Bem sei que os proprietários das barracas precisam trabalhar e ganhar o pão de cada dia. Tudo bem. Mas não com o sacrifício da cidade e dos demais cidadãos. Porque aí o interesse privado de alguns poucos estaria prevalecendo sobre o interesse público, e isso simplesmente não é possível, nem aqui e nem em qualquer lugar do mundo. Que se arranje então uma solução racional, civilizada e conciliadora para o problema, mas que se desobstrua imediatamente a paisagem do Cabo Branco, para o bem de todos e a felicidade geral da urbe.

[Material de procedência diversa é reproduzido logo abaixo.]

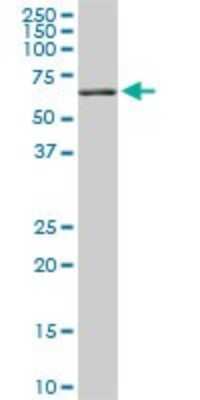 Western Blot: RIPK2 Antibody (3D9) [H00008767-M03]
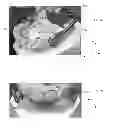Fig. 05 - MANDIBULAR ATTACHMENT FOR CORRECTION OF MALOCCLUSION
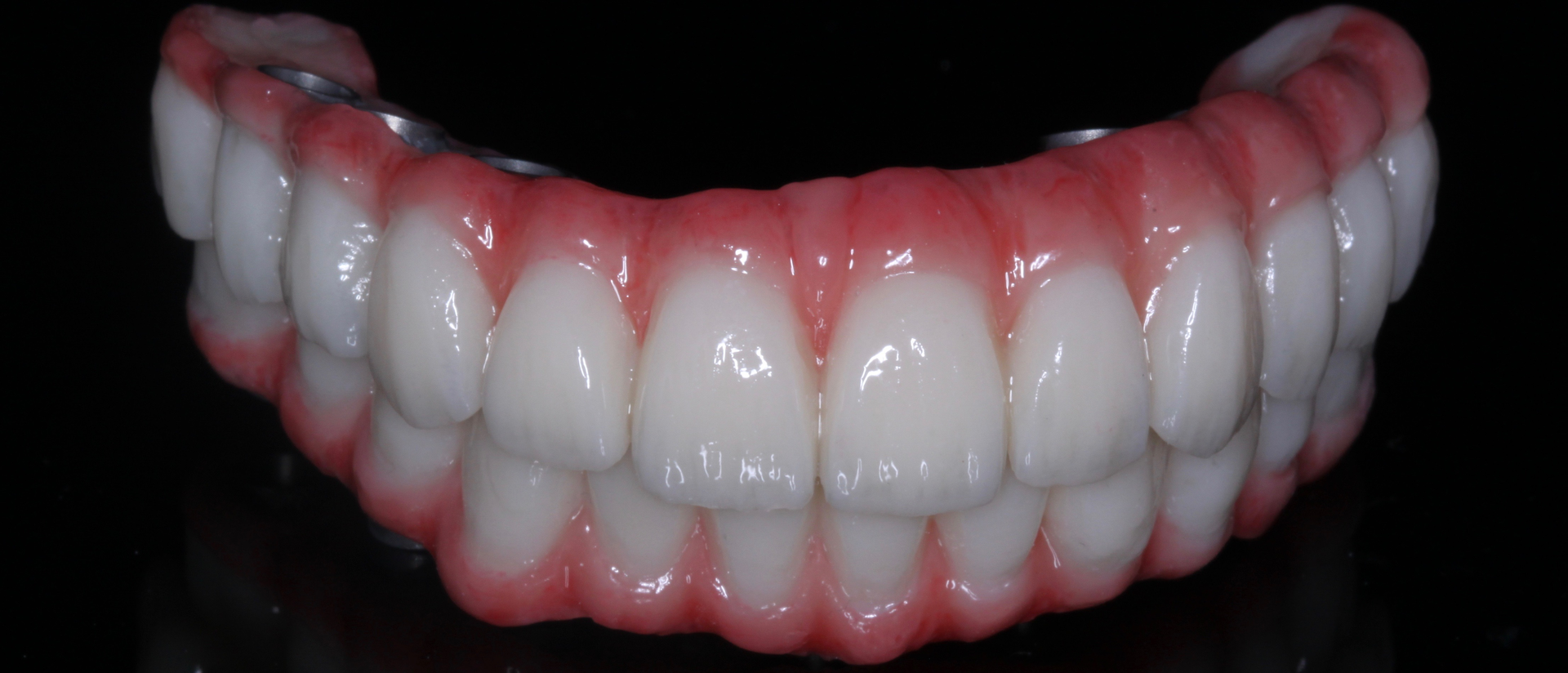 Figure 1: All-digital 3-D printed hybrid from a Trios (3Shape) scan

O Rio de Janeiro está vivendo atualmente problema parecido com o nosso na orla da Barra da Tijuca, zona nobre do litoral carioca. Lá, segundo o cronista Joaquim Ferreira dos Santos, do jornal O Globo, a ocupação predatória dos quiosques à beira mar está simplesmente fechando a vista marítima para quem passa de carro ou passeia a pé naquela praia. Sem falar na sujeira, na poluição visual e sanitária, no acintoso desrespeito às normas municipais e outros absurdos mais, os quais vieram à tona recentemente com o escabroso assassinato do jovem congolês naquela área, de tanta repercussão nacional e internacional. Em Copacabana, Ipanema e Leblon, também existem quiosques na calçada à beira-mar, mas são mais disciplinados, mais espaçados, mais bonitos e limitam-se a vender apenas água de coco e alguns outros poucos itens, não são restaurantes improvisados, como ocorre aqui em João Pessoa.

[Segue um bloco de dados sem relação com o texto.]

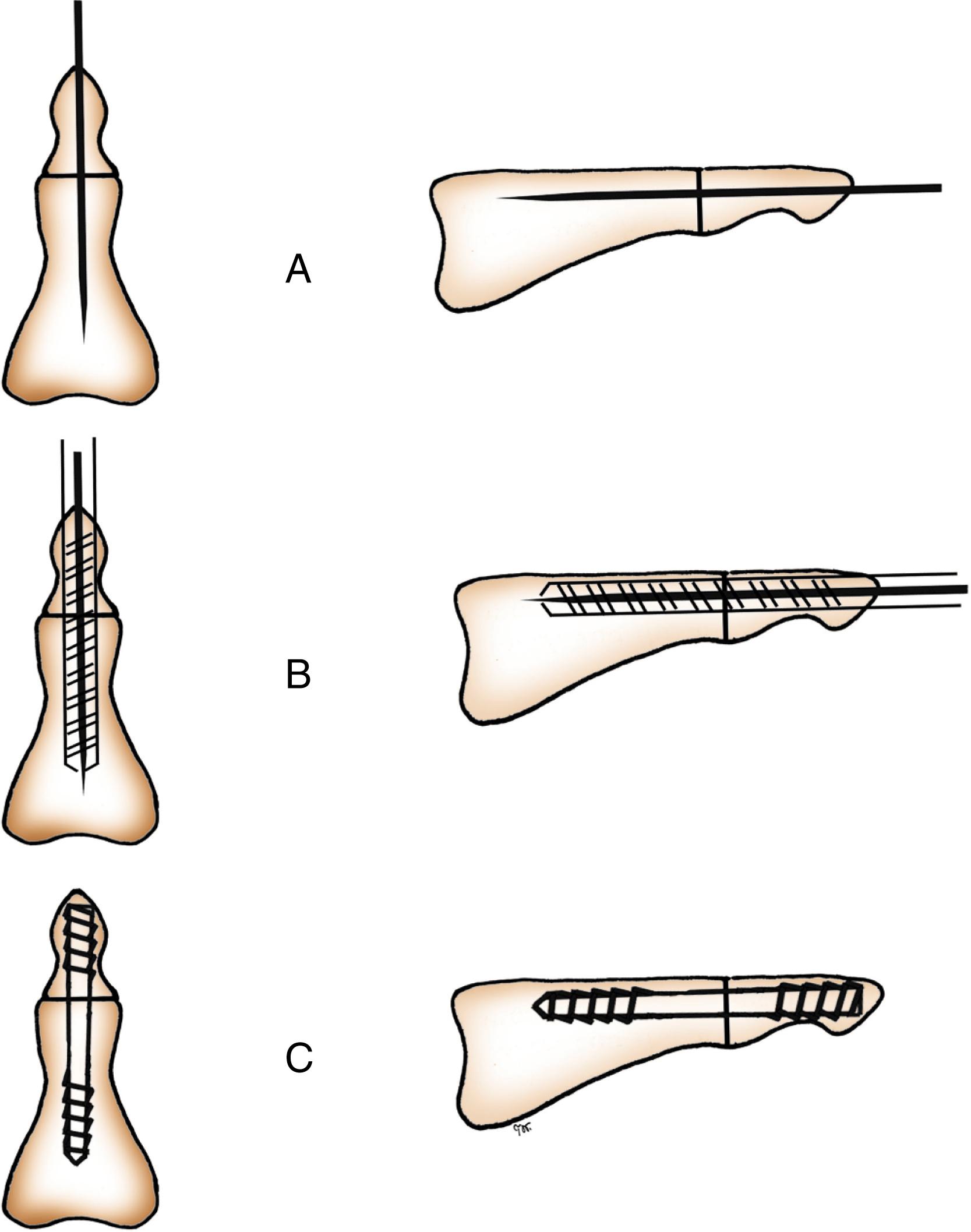 Fig. 57.1, (A–C) Distal interphalangeal joint arthrodesis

E o pior é que essas barracas cabobranquenses vivem em permanente processo de expansão, em metástase, estão continuamente crescendo de tamanho, invadindo a areia, sem que a fiscalização municipal se pronuncie, ao contrário do que ocorre em nossas casas, onde uma simples poda de uma árvore atrai logo a visita de fiscais rigorosos. As barracas se expandem sem nenhuma uniformidade arquitetônica e de materiais, cada uma do seu jeito, gerando uma barafunda visual de mau gosto, inacreditável e inadmissível.

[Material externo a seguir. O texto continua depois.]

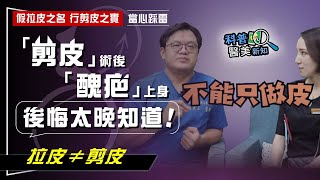 這不是拉皮手術！　「剪皮」術後「醜疤」上身　才發現「踩雷」了！　拉皮、剪皮超難辨  拉皮大師一次說分明 打破醫美謬思155-20200605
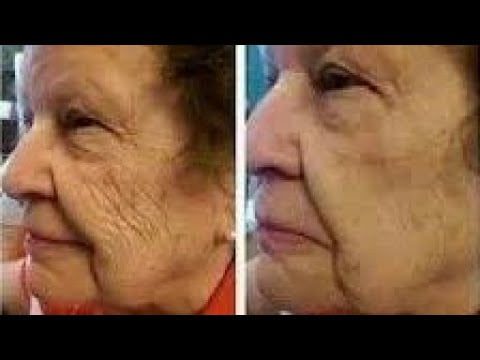Elimina Rugas? Sebo de Carneiro para Rugas como Usar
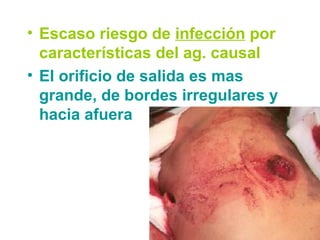 • Escaso riesgo de infección por
características del ag. causal
• El orificio de salida es mas
grande, de bordes irregulares y
hacia afuera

A Prefeitura anunciou o alargamento da faixa de areia da praia de Manaíra. Muito bem. Obra grande, demorada e cara. Mais barata e mais rápida será a retirada das barracas do Cabo Branco, com resultados imediatos e imensos. Com a palavra, o alcaide, os vereadores, os defensores do meio ambiente, o Ministério Público, os meios de comunicação, o CREA, a OAB, sei lá mais quem.
O que nós, pessoenses, queremos e até exigimos é uma coisa muito simples: a devolução da vista do mar cabobranquense que já está lá, pronta para ser desfrutada por todos – e que às nossas vistas nos roubaram.